In our first installment, we ended with the question: does this mean the bible is worthless?
The answer is of course not. When we realize that sacred scripture is not God’s handbook of do’s and don’ts, but rather a reflection of ordinary people like ourselves on their walk with God, we are really to grow up in our faith.
We no longer have to “worship” a book, but now we can stand on our own two feet and speak with God and experience Him for ourselves.
For that is what reliance on the Bible as the “word of God” really is after all, worship of a book. And honestly, is this the kind of clear cut laying out of rules and demands that one might expect of a real God? Would God write in such cryptic ways? Would he intentionally create errors both small and large? Would a real God make diametrically different claims to different peoples? Would he create that which he must know is flawed? Would he destroy that which he created? Would he create Satan? Would he rule by fear? Would he write four renditions of the same events, and have them conflict in some major ways?
That and more is contained in the Bible, and frankly it’s unworthy of any God, especially THE God. The very fact that apologists work tirelessly to “reconcile” these things, should suggest that we are looking at the bible incorrectly. Rather than reconcile what in the end cannot satisfactorily be reconciled, we should be rethinking what the Bible is.
And if we conclude as most experts do, and a huge number of regular Christians do, that the Bible is NOT the inerrant word of God, then is it good for anything?
Of course it is. It remains our best evidence first of all of Jesus’ life. We have developed many a tool for discerning from the writings some very clear facts about the man and his mission. Faith, like every other human endeavor, builds on the work of those who came before it. It is just as true of faith and God, that we grow in understanding and maturity over the years and centuries. We have done the same as regards every type of science, and we take that for granted.

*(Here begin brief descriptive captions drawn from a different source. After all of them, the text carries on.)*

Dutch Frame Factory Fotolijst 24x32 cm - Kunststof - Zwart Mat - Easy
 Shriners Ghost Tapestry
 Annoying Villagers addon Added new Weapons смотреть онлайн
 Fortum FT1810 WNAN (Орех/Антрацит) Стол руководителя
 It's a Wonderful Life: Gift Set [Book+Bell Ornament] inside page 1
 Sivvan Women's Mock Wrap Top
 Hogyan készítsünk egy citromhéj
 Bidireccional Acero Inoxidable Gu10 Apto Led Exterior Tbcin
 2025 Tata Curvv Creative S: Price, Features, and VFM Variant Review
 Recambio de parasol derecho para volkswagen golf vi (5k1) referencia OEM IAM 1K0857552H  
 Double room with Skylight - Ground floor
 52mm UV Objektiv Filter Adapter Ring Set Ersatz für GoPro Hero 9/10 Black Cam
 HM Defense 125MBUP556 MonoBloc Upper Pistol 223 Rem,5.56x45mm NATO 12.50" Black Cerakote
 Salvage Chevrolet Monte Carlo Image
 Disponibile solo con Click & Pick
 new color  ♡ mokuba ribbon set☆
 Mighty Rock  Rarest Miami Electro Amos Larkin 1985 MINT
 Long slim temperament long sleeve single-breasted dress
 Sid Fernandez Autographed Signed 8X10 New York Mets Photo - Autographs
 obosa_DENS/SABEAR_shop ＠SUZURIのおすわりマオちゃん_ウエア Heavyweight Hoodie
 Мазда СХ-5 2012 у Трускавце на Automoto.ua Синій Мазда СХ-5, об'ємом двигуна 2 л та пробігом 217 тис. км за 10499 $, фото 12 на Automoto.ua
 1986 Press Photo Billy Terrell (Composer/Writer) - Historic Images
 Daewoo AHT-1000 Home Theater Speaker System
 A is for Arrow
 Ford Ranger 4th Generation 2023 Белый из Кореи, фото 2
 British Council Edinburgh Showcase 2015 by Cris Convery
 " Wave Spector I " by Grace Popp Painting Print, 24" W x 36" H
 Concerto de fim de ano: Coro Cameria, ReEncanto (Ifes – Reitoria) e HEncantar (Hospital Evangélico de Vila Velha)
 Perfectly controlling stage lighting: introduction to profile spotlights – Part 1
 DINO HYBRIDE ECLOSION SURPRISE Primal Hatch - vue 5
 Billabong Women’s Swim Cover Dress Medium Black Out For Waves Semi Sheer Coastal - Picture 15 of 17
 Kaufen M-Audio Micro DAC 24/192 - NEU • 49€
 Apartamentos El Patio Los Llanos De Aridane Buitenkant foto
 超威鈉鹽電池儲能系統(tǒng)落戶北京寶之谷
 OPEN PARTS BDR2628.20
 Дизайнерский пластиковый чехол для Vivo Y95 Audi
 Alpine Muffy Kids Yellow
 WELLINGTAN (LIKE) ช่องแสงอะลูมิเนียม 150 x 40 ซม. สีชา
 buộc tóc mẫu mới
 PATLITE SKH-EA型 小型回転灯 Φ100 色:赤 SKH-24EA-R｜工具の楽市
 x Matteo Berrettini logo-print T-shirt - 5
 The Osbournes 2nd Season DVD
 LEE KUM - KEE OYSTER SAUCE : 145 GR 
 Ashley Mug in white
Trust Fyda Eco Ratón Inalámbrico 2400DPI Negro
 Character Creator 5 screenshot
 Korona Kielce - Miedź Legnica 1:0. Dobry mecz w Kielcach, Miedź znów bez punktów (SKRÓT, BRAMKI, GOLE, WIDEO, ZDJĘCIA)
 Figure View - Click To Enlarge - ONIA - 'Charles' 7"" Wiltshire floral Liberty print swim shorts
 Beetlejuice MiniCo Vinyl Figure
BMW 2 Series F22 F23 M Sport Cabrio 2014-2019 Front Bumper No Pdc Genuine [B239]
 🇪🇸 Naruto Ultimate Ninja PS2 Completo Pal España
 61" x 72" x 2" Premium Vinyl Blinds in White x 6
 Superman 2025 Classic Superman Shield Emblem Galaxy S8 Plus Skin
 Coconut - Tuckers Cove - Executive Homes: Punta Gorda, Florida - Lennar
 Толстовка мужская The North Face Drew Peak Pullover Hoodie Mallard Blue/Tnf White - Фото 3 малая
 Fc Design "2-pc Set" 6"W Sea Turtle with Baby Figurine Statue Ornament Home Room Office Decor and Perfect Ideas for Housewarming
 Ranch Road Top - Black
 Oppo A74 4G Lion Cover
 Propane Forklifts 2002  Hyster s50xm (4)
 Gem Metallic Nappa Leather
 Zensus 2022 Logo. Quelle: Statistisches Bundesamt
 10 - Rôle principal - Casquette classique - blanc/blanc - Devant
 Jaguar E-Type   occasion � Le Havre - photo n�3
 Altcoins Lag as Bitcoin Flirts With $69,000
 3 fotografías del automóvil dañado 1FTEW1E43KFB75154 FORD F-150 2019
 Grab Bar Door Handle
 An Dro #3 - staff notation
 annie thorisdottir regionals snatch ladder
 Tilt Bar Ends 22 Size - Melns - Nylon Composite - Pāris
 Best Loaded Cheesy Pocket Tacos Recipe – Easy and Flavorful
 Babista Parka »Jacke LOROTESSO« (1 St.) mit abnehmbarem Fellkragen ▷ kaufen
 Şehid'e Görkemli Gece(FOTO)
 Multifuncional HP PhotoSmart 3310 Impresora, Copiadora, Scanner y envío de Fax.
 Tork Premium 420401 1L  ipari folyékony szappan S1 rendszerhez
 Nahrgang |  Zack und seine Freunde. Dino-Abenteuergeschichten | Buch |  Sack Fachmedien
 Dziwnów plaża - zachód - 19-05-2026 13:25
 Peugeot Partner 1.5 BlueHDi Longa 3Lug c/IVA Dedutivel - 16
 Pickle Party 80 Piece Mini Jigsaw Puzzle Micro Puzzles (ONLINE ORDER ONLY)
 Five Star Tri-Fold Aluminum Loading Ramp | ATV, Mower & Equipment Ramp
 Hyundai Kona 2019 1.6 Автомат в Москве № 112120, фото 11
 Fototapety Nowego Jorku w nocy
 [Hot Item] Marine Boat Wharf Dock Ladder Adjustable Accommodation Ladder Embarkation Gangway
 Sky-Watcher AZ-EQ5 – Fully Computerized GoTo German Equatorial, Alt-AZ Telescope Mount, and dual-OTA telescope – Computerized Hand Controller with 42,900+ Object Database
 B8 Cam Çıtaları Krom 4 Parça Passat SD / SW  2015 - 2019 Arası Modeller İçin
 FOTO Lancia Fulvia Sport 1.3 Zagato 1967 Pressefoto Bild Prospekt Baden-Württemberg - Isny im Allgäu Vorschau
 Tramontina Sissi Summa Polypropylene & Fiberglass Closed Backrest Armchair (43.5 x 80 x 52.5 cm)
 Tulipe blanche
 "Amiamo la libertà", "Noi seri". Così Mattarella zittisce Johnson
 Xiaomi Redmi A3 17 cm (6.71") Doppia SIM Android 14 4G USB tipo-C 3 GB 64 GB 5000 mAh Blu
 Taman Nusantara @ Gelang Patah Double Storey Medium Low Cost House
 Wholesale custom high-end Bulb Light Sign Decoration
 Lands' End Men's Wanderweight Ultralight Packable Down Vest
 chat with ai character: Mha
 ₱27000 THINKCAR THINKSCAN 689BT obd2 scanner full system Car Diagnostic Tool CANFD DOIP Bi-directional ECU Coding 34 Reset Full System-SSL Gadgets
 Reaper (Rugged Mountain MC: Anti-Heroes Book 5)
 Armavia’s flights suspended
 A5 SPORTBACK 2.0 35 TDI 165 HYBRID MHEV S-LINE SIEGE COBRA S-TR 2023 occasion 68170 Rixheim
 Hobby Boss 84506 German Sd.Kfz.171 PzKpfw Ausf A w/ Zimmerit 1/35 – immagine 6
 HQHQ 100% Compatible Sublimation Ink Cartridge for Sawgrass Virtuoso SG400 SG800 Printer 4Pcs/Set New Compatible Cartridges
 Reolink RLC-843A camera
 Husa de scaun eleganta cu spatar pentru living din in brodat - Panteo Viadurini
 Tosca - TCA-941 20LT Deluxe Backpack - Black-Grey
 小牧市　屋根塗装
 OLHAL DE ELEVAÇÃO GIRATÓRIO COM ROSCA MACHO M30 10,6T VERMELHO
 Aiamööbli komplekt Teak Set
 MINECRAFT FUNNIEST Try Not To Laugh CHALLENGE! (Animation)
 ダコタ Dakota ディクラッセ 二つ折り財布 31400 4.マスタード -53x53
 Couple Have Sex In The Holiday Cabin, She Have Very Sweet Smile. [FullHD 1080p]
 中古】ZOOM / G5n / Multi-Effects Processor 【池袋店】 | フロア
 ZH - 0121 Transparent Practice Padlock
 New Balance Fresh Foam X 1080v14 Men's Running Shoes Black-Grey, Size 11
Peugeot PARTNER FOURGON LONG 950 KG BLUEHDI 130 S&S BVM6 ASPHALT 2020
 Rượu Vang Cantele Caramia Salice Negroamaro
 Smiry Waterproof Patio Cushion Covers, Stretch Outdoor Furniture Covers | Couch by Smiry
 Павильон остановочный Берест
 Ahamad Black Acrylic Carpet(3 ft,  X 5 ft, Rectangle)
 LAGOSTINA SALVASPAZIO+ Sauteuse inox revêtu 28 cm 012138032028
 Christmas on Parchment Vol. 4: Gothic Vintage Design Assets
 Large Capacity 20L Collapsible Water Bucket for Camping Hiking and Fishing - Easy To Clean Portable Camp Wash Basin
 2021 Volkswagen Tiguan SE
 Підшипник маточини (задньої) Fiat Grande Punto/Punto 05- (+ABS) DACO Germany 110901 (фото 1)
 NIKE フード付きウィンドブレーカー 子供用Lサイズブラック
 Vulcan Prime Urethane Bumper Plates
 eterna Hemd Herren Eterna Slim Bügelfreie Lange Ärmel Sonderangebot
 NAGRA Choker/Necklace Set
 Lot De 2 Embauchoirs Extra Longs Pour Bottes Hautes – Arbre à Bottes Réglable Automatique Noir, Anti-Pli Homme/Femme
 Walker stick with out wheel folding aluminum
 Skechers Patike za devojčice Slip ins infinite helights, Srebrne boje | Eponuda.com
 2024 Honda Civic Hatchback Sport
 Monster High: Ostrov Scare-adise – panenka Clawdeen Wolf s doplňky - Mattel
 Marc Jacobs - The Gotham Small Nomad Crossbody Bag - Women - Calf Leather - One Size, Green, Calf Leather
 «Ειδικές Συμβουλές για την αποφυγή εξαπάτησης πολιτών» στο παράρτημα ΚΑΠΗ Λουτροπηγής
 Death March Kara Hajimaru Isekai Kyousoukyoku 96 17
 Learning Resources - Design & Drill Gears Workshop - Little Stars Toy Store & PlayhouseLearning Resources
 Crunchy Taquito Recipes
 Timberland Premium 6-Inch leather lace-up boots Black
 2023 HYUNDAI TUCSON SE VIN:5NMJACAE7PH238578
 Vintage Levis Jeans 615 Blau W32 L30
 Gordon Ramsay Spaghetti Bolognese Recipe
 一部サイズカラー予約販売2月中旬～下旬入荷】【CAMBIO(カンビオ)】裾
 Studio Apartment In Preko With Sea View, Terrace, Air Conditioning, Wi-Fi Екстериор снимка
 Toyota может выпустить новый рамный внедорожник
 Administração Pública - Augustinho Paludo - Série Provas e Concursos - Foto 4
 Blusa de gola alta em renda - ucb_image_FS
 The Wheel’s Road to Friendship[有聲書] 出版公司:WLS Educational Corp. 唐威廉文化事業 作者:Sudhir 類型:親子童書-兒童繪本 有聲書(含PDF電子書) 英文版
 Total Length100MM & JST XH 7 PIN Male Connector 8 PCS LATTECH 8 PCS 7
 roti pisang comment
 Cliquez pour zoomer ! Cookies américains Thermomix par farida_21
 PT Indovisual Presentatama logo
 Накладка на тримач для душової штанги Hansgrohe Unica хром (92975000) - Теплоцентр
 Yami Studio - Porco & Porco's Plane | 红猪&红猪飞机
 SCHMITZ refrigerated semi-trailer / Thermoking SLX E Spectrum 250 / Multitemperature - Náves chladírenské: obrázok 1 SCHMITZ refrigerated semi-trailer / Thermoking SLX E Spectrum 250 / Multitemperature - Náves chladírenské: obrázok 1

Why should we not expect the same to occur in faith? We can look at history and we know that people from nearly the beginning of recorded time have explained the “unexplainable” by God. God controlled weather and seasons and other physical phenomenon. As we matured, we learned the real causes of such things, and we realized that God was not this pernicious and arbitrary.
The early Hebrews made the huge leap that there was but One God, not many, and not acting like petty kings over small fiefdoms. They determined that no God would require human sacrifice. Today, we no longer offer animal sacrifice. It is true, that other societies still favor multiple gods or hierarchies of gods, but even here, believers have matured their outlook I would suggest.
A God of punishment and retribution seemed natural to our ancestors. Life was punishing after all, and life was short and often mean. People were kept in line by their superiors by force or the threat of force, and so we assumed that gods worked in the same manner.
Jesus comes along and offers us a completely new and differing vision of God, one that does not involve punishment. Jesus showed that physical ailments were not the result of sin and thus punishment. He cured the blind and lame and the leper, showing that these things were not the result of sin, but were simply ills, to be cured, by simple believe that the one offering cure could do it.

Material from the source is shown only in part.